[Start of section]

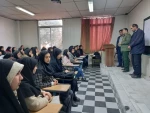 حضور فرمانده سپاه ناحیه مراغه در جمع دانشگاهیان؛ دانشگاه ملی مهارت واحد دختران مراغه. 
 2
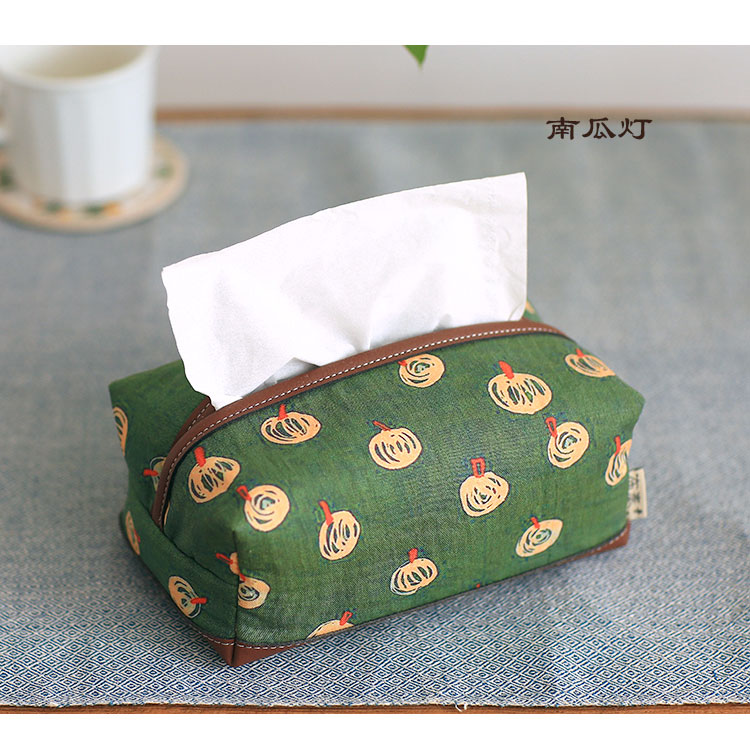 布奏手工刺绣车载纸巾盒客厅家用抽纸盒布艺日式纸巾袋餐巾纸盒草编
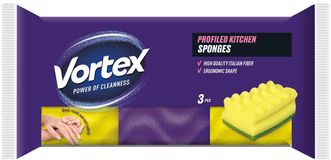 Vortex Kuchyňská houbička Profiled & Care 3 ks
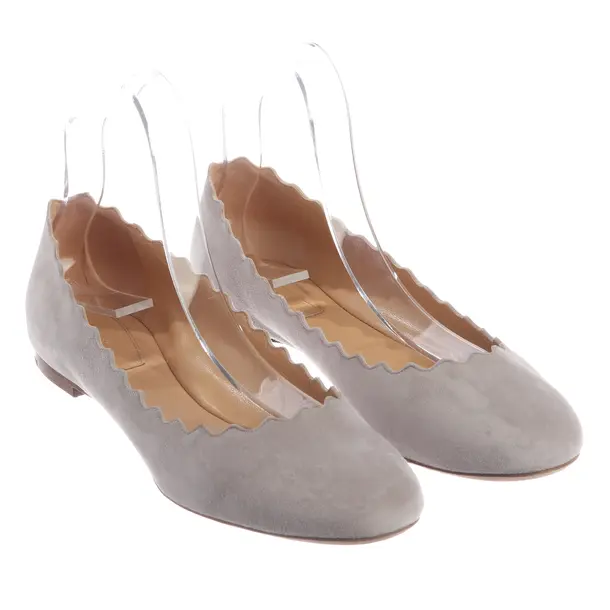 Ballet Flats, in Light Gray, Chloé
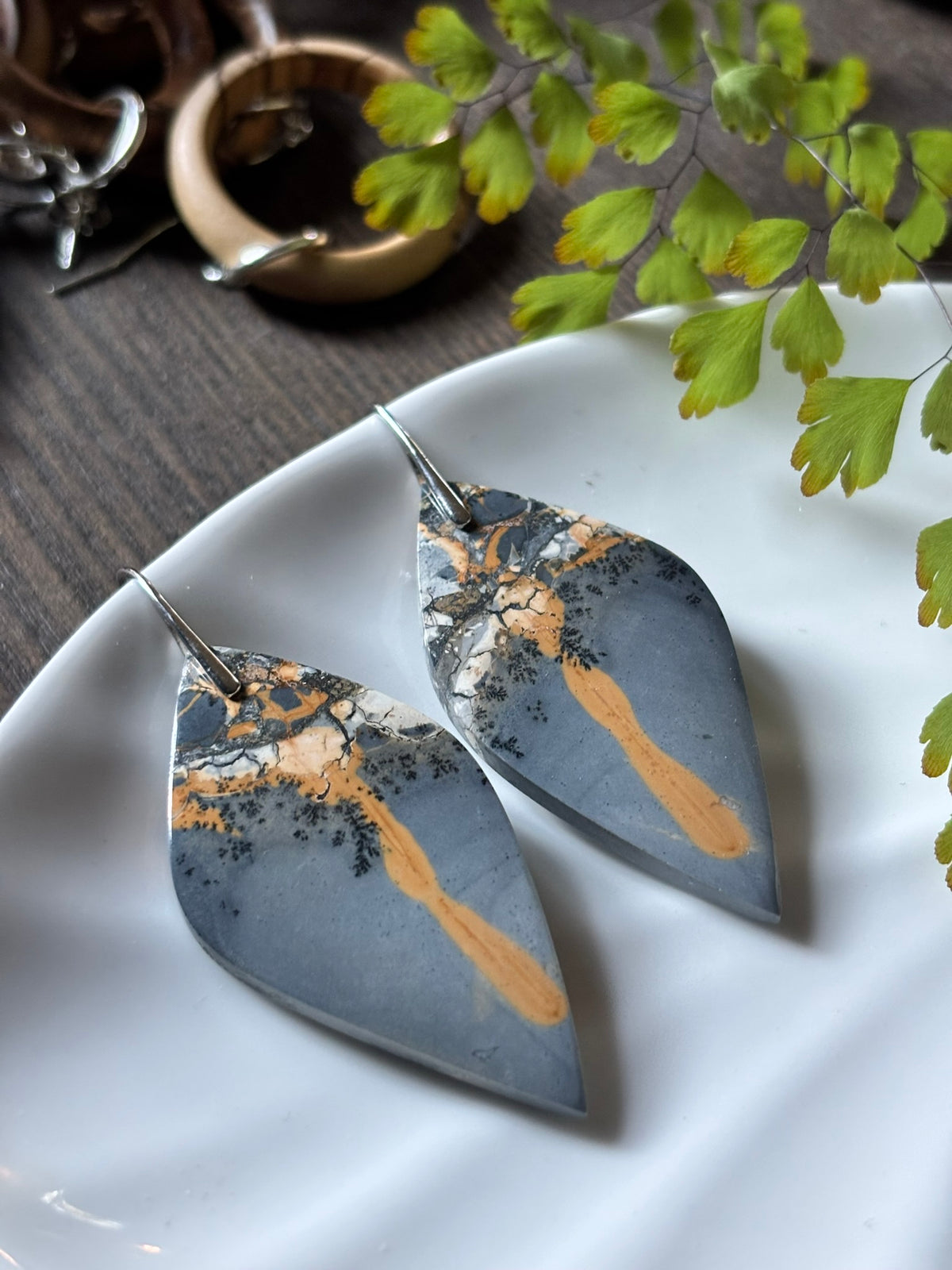 Maligano Jasper Golden Vein Earrings alternate view 3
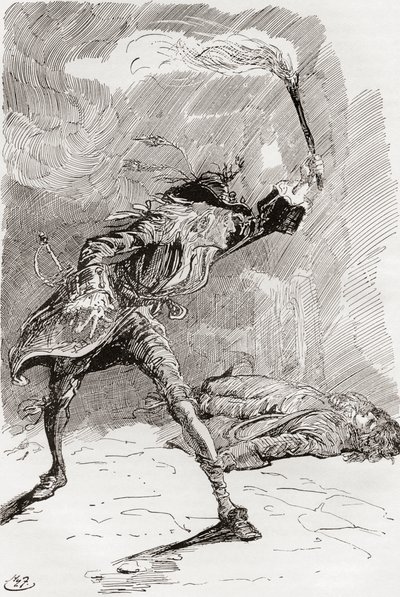Illustration pour le roman Barnaby Rudge de Charles Dickens - Harry Furniss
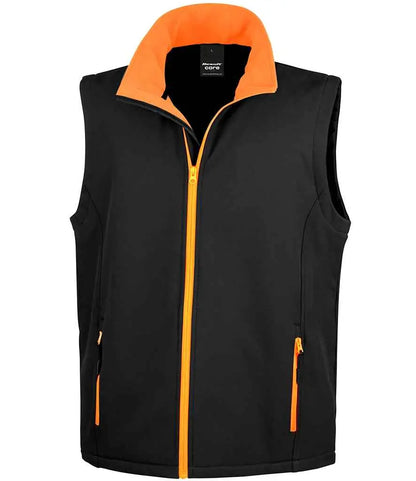 Result Core Printable Soft Shell Bodywarmer Result Core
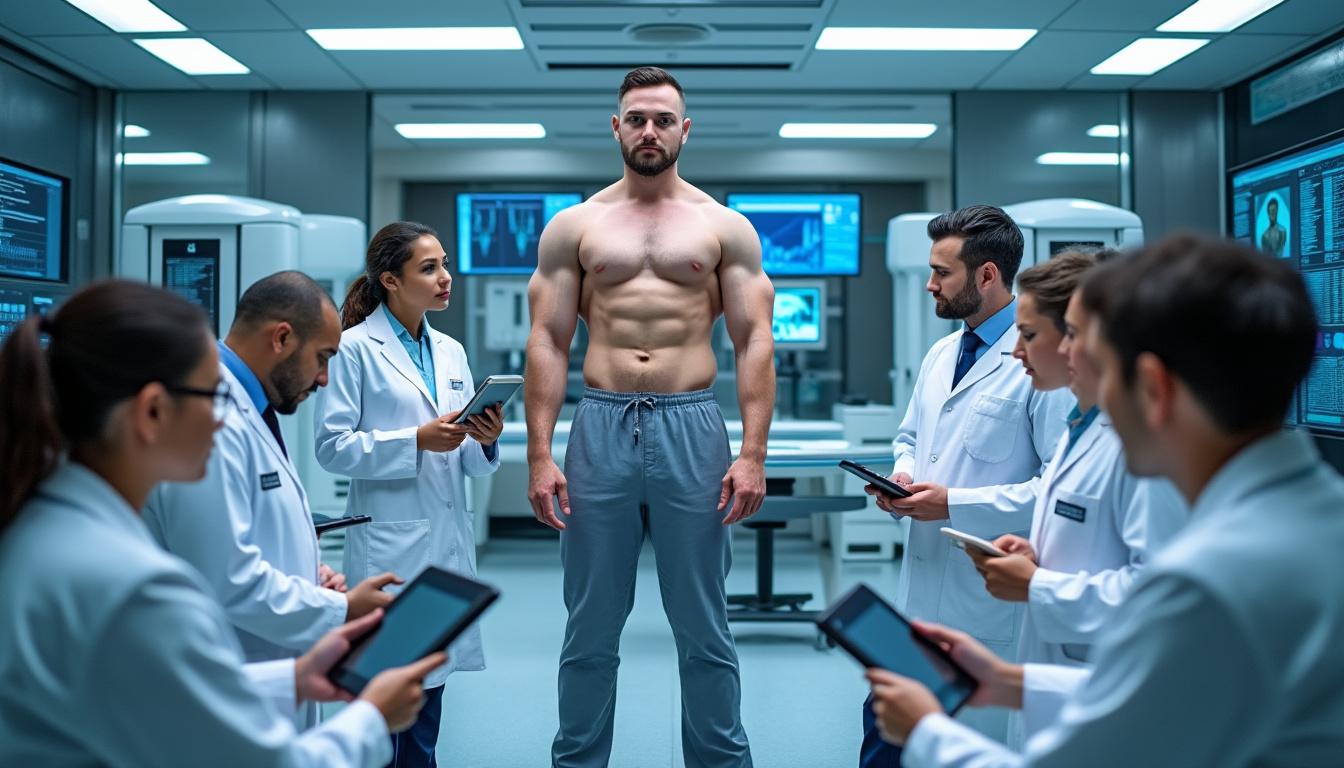 découvrez le spectacle impressionnant de popeye réalisant un tour d'avant-bras colossal de 49 cm, une prouesse musculaire incroyable qui fascine les fans.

[End of section]

# ACTIVITY
Restate the data exactly, though only from the line that contains "Illustration pour le" through its last line, both ends included and with the pictures left out.

# EXERCISE SOLUTION
Illustration pour le roman Barnaby Rudge de Charles Dickens - Harry Furniss
 Result Core Printable Soft Shell Bodywarmer Result Core
 découvrez le spectacle impressionnant de popeye réalisant un tour d'avant-bras colossal de 49 cm, une prouesse musculaire incroyable qui fascine les fans.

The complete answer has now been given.